3 Great Facts About The Man Who Created Dungeons & Dragons
Ever hear of Gary Gygax? No? Ever hear of the role-playing board game Dungeons & Dragons? OK, well, Gary Gygax is the ultimate dungeon master: the creator of D&D, a game that has revolutionized all of geekdom and sparked a ton of other role-playing games for decades. For years, however, Gary’s day job was as an insurance underwriter at Fireman’s Fund Insurance Co. His work in this industry played a large part in his development of D&D. “Random chance plays a huge part in everybody’s life.” This statement holds true for much of the gameplay throughout D&D.
Dungeons and Dragons was released en masse in 1974. Yes, it’s been around that long. In the game, players assume a mythical role and go on a quest through a fantasy world, gaining skills and strength as they defeat monsters and accumulate loot. It’s the original form of virtual escapism, and D&D has been allowing kids, teens, and even adults to become warrior superheroes that overcome enormous challenges.
While most of the game is played within the players’ imaginations, one player, the Dungeon Master, is the one who paints pictures for the others. The Dungeon Master describes what other players will see and hear and the outcomes of their choices and actions. The game can be as complex or as simple as you want, with the majority of it being played on a tabletop hex square map. Players get creative by designing and building their own mazes and tunnels along the journey.
He Loved To Play Miniature War Games
As a kid, Gygax loved taking imaginary journeys through the tunnels beneath the Oak Hill Sanitarium in Lake Geneva, WI, where he grew up. Born in Chicago in 1938, Gygax’s father moved the family to Lake Geneva when Gary was seven so that he would have less opportunity to get into trouble. Lake Geneva is where Gary, at the age of eight, would meet another boy named Don Kaye, who would be instrumental in Gary’s life for the next thirty years. In 1972, Gygax and Kaye formed Tactical Studies Rules, the company that would distribute the initial versions of D&D. Gary and Don worked together as partners until Don passed away in 1975.

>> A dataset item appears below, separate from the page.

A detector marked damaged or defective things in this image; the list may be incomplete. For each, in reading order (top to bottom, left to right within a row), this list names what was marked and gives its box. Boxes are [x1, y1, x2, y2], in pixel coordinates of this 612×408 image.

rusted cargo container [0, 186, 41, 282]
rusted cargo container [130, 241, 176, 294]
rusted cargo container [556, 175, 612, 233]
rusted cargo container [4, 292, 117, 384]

Gygax was known to be a very bright kid who was skilled at and enjoyed playing chess and card games, such as pinochle, but he especially loved playing miniature war games and would imagine himself in these games for hours while he was skipping school to go explore the tunnels of the sanitarium. One of his favorite games was called “Gettysburg,” a kind of tabletop game that focused on various battles. But Gygax and Kaye would take that game to the next level, often making their own miniature soldiers and creating explosions on the board. Gygax loved to make “improvements” on the games, always looking for ways to increase the randomness of chance in the games. This eventually led to his creation of the 20-sided die, which has become a hallmark of the D&D game.
A Young Gygax Read A Lot Of Pulp Horror And Fantasy
Hand in hand with his love of fantasy gameplay was Gary’s love of reading fantasy and pulp horror fiction stories. Authors like Robert E. Howard and H.P. Lovecraft, who wrote about heroes and demons on epic journeys and battles, would serve up a lot of inspiration for Gygax’s iconic game.
Gary Played So Many Games, His Wife Thought He Was Cheating On Her
Clearly, Gary’s love of fantasy gameplay didn’t wane as he reached adulthood. He spent so much time outside of his day job playing war games every night of the week that at one point, his wife Mary Jo thought that he had to be cheating on her. Well, he wasn’t, or at least not with another woman. These games could almost be considered Gygax’s first love. And fans of D&D for the last several decades are so grateful that was the case.
Gygax’s basement-based publishing company, Tactical Studies Rules, would go on to become a corporate mogul, employing over 600 staff inside of a decade. D&D has been translated into a dozen languages and has sold millions of copies in 50 countries, making a fortune and leaving an indelible legacy in the process. Not bad for a guy who spent so much of his time in another world.